Code Unknown (2000)

This is Haneke in peak form—made up of more than forty vignettes shot in long takes that combine to give us a fragmentary sense of what it feels like to live in a multi-racial yet racist, technological yet incommunicable post-2000s world.    

Rating: 5 out of 5.

Review #2,172

Dir. Michael Haneke
2000 | France | Drama | 117 mins | 1.85:1 | French, Romanian & other languages
PG (passed clean) for some sexual references

Cast: Juliette Binoche, Thierry Neuvic, Josef Bierbichler
Plot: On a busy Paris boulevard, a youth scornfully tosses a crumpled paper bag into the outstretched hands of a beggar woman. This is the bond which, for an instant, links several very different characters: an actress, a war photographer, a farmer, a music teacher, and an immigrant.
Awards: Won Prize of the Ecumenical Jury & Nom. for Palme d’Or (Cannes)
International Sales: MK2

Accessibility Index
Subject Matter: Moderate – Society, Communication, Racism, Immigrants
Narrative Style: Complex – Vignettes
Pace: Slightly Slow
Audience Type: General Arthouse

Viewed: Criterion Blu-ray
Spoilers: No


His first film produced in France, Code Unknown is Michael Haneke in peak form. 

Made up of more than forty vignettes shot in methodical long takes that cut to black just when things start to get interesting, the film is an evocative depiction of a fragmented post-2000s world, where it is multi-racial yet racist, technological yet incommunicable. 

People speak, scream, chatter, insult, yet few words are meaningfully communicated, and most things fall on deaf ears.  Perhaps this is why Haneke had chosen to bookend his film with shots of a child communicating through sign language and action. 
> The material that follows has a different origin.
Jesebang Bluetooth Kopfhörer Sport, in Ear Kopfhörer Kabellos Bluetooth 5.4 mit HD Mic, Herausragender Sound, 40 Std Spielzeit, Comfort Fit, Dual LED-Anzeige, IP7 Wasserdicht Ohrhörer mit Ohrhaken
Perhaps this is also why he employed loud, sustained rhythmic drumming in both diegetic and non-diegetic ways in a strategic part of the film—an extraordinary, sensorial montage sequence right up there as one of the great Haneke moments. 

“Tell me. Is there a single person you have made happy?”

Juliette Binoche headlines a cast of diverse ethnicities in a layered meta-cinematic performance, playing an actress whose professional and personal lives converge.  Her character is one of many in the film, with the lives of immigrants and racial minorities a key theme. 

Haneke builds their stories around a street fracas that sparks the narrative, but his rigourous filmmaking style doesn’t bow down to the viewer, asking us to take part actively in constructing the interlinking lives of these characters, and the scenarios they are ‘put through’ for us (or for some director). 

The cinema of Haneke can be challenging to process, but Code Unknown is less confrontative by his standards, though it is no less potent than any other film he had done up till this point.  It is also a great place to start for those unfamiliar with his style and preoccupations.